Au-delà de ces deux points, l’accident de Fukushima a mis en évidence un conflit de légitimité. Il y a d’un côté des institutions comme la CIPR ou la AIEA qui considèrent être en mesure de définir le cadre de la radioprotection et s’appuient pour cela sur le principe « As low as reasonably achievable » (« aussi bas que raisonnablement possible »). Reasonably signifiant que ce ne sont pas seulement des critères de santé qui sont pris en compte, mais aussi des critères qui incluent le « raisonnable », par exemple des critères économiques. Face à cela, d’autres promeuvent une approche fondée sur les droits individuels de la personne. C’est par exemple le cas du rapporteur spécial de l’ONU Anand Grover qui a fait un rapport sur la gestion post-accidentelle en 2013 [3]. Ma collègue Reiko Hasegawa a montré que cette approche par les droits de l’homme existe déjà, c’est celle de la sécurité humaine. Elle aurait pu être utilisée, mais elle n’a pas été retenue.

Propos recueillis par Adèle Cailleteau

En photo : un checkpoint à une vingtaine de kilomètres de la centrale nucléaire, en mai 2011 /
CC Warren Antiola

Notes

[1Christine Fassert est socio-anthropologue, spécialiste des risques. Elle a travaillé au sein de l’Institut de radioprotection et sûreté nucléaire (IRSN) de 2012 à juin 2020, où elle a coordonné le projet Shinrai, qui s’intéresse aux conséquences éthiques, sociales et politiques de l’accident nucléaire de Fukushima. Christine Fassert et Reiko Hasegawa ont publié en 2019 un rapport de leur activité, consultable en ligne. En juin 2020, Christine Fassert a été licenciée par l’IRSN pour « insubordination récurrente » et « comportement inadapté ».

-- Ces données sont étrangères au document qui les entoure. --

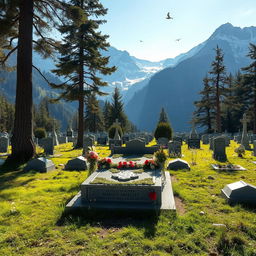 A serene mountain cemetery dedicated to a martyr, featuring a beautifully crafted grave monument adorned with floral arrangements, surrounded by majestic, snow-capped mountains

[2La CIPR est l’organisation non-gouvernementale internationale sur laquelle repose presque toutes les réglementations nationales et internationales en termes de radioprotection. Ses membres sont choisis par cooptation. L’AIEA est quant à elle une organisation internationale sous l’égide de l’ONU, qui cherche à promouvoir les usages pacifiques de l’énergie nucléaire.

[3Dans son rapport, Anand Grover écrit par exemple : « Les recommandations de la CIPR sont basées sur les principe d’optimisation et de justification, selon lesquels toutes les actions du gouvernement doivent maximiser les bénéfices sur le détriment. Une telle analyse risque-bénéfice n’est pas en accord avec le cadre du droit à la santé, parce qu’elle donne la priorité aux intérêts collectifs sur les droits individuels. » (paragraphe 47 du rapport consultable en ligne).